[Excerpted records]:
........

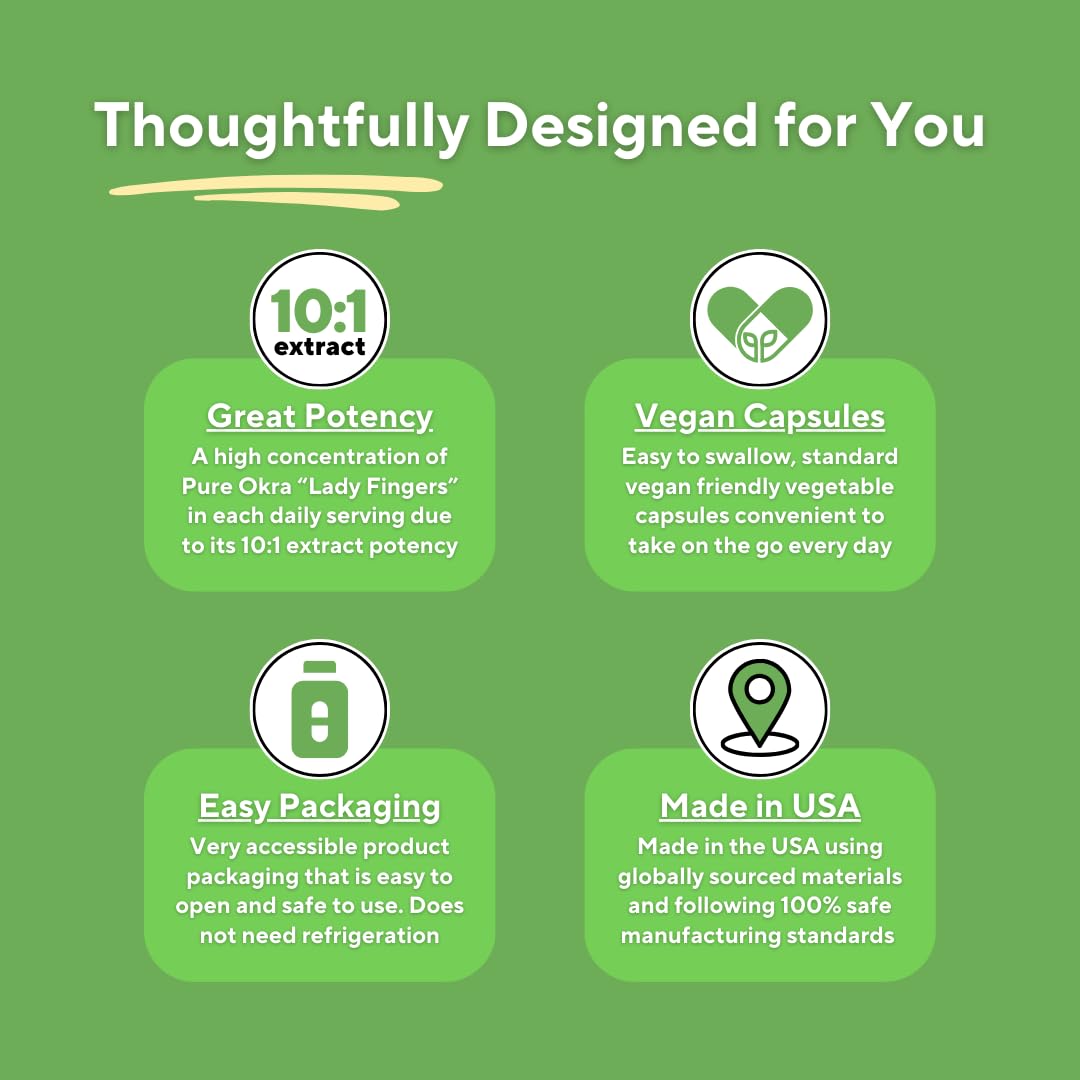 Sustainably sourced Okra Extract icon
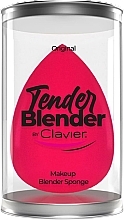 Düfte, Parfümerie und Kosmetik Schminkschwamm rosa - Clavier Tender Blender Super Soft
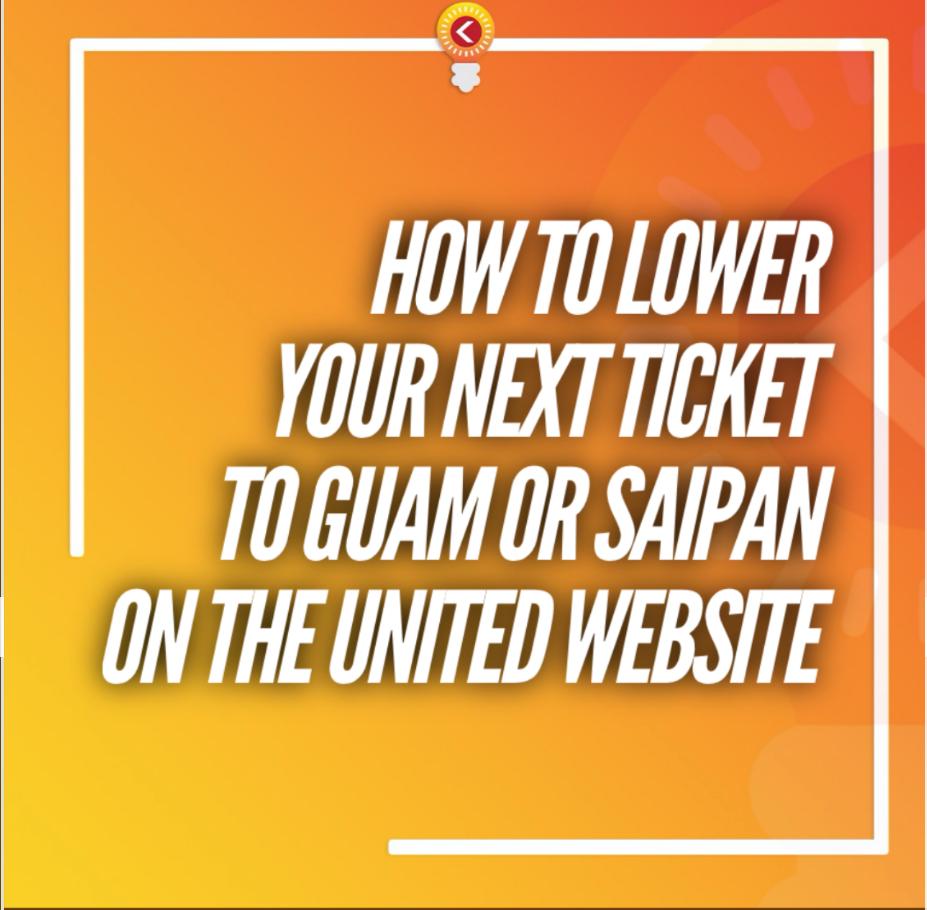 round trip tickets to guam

........

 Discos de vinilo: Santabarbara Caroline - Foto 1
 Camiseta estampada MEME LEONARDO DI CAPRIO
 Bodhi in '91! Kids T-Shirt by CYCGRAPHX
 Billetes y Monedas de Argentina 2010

........

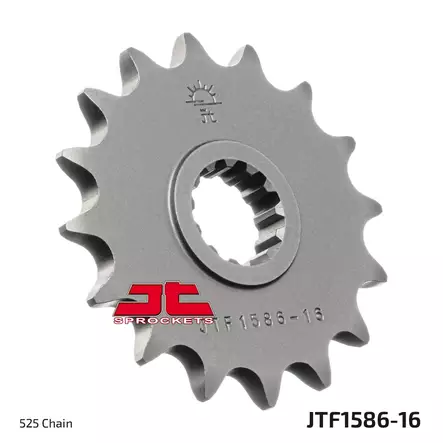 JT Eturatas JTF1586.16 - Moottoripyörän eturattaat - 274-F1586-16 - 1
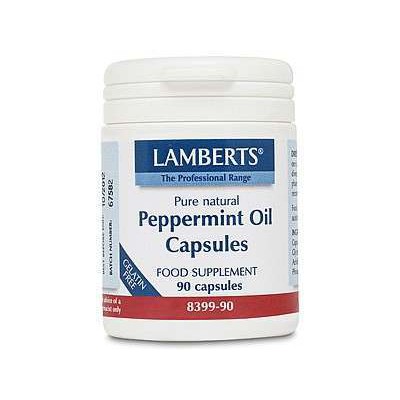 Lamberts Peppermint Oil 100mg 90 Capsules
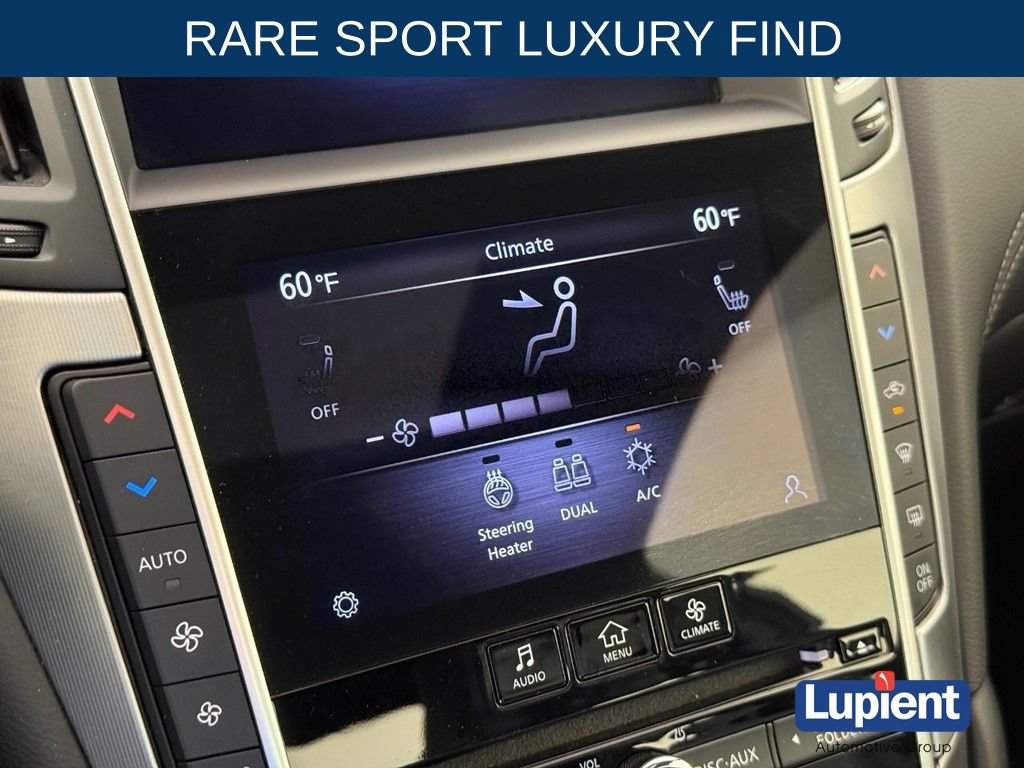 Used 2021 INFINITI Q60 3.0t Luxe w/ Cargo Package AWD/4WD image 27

........

[What is required]:
Print, without alteration, only the lines above between the one holding "Discos de vinilo: Santabarbara" and the one holding "Billetes y Monedas de Argentina 2010", inclusive.

[Solution]:
 Discos de vinilo: Santabarbara Caroline - Foto 1
 Camiseta estampada MEME LEONARDO DI CAPRIO
 Bodhi in '91! Kids T-Shirt by CYCGRAPHX
 Billetes y Monedas de Argentina 2010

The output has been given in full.